The Boleo assignment started with Baja Mining in 2005, before I joined Endeavour. At the time, Baja owned all of the asset and was looking to develop it. One of the ways they worked on this with us was to bring in some strategic partners. So the team at Endeavour helped with the process of talking to potential partners in various parts of the world, predominantly with counterparties in Asia where after a competitive process, a Korean-led the consortium was the ultimate winner of that process and invested in the project.

It was a two-phase assignment. That was the first phase of the assignment: the first phase was to bring in a partner and get the offtake in place and the second phase was to put the project financing in place.

Certainly, at the time, there was a lot of demand among Asian strategic investors for stakes in projects. Companies and entities from China, Korea, and Japan were all investing at the project level. Their aim was to have a secure supply of strategic metals, and obviously copper was one of them. The Boleo deposit was well known and had been reviously exploited, in the earlier part of the 20th century. The mine was a good project with high-grade, readily minable deposits, in a good location for exporting to Asia.

In the sale of a 30% stake to Korean off-takers, what sort metrics were used as to the valuation of the project? Was there general acceptance of the valuation?

It’s always a challenge, because a lot of the listed companies looking to sell a stake in an asset have a market cap, and if you have one asset, a buyer can say, “If I want to buy 30% of this project, what’s 30% worth on the market?” The argument you’re making, if you’re working for a project company, is that it should be based on net present value or NAV. If an investor only looks at market cap and if they want to spend that amount of money, they can seek to buy whole company, but that’s usually not their model, rather they want to buy a stake at the project level.

The negotiations therefore were, what are the copper prices, what’s the discount rate in order to get to a valuation, and ultimately we were successful in using those cash flow-based metrics. There was some back and forth to make sure people were comfortable that NPV/NAV valuation was the right way to go. As Boleo wasn’t a producing asset, you can’t really look at EBITDA multiples. Generally, with these projects, you look at the NPV/NAV or valuation based on resources and reserves in the ground.

In the course of negotiating with partners and offtakers, were there any particularly contentious points?

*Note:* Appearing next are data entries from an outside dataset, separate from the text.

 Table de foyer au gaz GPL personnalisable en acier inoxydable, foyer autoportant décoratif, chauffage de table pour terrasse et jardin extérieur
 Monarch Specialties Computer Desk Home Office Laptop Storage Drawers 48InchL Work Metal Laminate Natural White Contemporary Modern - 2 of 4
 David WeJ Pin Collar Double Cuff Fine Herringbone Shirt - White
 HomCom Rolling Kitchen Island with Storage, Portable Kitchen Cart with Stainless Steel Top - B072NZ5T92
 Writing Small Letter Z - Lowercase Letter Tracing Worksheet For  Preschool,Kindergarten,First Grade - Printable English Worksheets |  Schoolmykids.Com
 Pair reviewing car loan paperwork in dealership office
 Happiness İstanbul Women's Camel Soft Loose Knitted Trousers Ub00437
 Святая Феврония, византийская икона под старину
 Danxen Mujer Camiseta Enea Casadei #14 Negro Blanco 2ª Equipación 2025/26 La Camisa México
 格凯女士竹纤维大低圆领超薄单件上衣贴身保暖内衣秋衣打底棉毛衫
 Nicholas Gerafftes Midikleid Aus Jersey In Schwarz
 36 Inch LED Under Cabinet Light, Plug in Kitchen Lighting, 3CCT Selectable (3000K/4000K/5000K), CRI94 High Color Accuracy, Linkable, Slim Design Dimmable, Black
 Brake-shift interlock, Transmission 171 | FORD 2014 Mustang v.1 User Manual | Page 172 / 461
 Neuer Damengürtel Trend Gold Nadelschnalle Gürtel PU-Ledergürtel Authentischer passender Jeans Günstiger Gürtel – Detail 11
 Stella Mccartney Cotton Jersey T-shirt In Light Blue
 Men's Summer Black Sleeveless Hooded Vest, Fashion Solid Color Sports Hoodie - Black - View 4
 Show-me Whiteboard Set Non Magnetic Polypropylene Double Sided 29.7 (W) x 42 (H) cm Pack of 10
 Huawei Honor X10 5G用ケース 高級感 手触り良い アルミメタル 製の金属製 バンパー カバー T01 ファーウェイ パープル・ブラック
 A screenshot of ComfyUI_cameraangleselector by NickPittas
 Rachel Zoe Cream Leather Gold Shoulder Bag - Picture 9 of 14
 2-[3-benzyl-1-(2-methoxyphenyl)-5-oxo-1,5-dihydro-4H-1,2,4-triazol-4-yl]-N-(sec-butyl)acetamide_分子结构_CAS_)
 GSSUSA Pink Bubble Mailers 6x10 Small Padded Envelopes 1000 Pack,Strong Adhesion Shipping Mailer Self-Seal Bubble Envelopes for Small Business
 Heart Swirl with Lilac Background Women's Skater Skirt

We essentially did the financing twice. The first time it was a commercial bank financing, an underwritten deal by two commercial banks. It was close to completion around the time that Lehman Brothers went under, so there was a huge amount of uncertainty in the market and as you might expect the banks weren’t able to complete on the deal. At that point, the company went back and reassessed the project scope and capex and came up with a new financing structure, which incorporated US-EXIM, a key partner in the eventual financing that was put in place. So the challenge of the markets was particularly difficult. Specific to the project, we found that it took a lot of time getting lenders comfortable with the flow sheet, since the project is not just producing copper, it also produces cobalt and a zinc sulphur product. There were some complexities in the flow sheet that people needed to get comfortable with.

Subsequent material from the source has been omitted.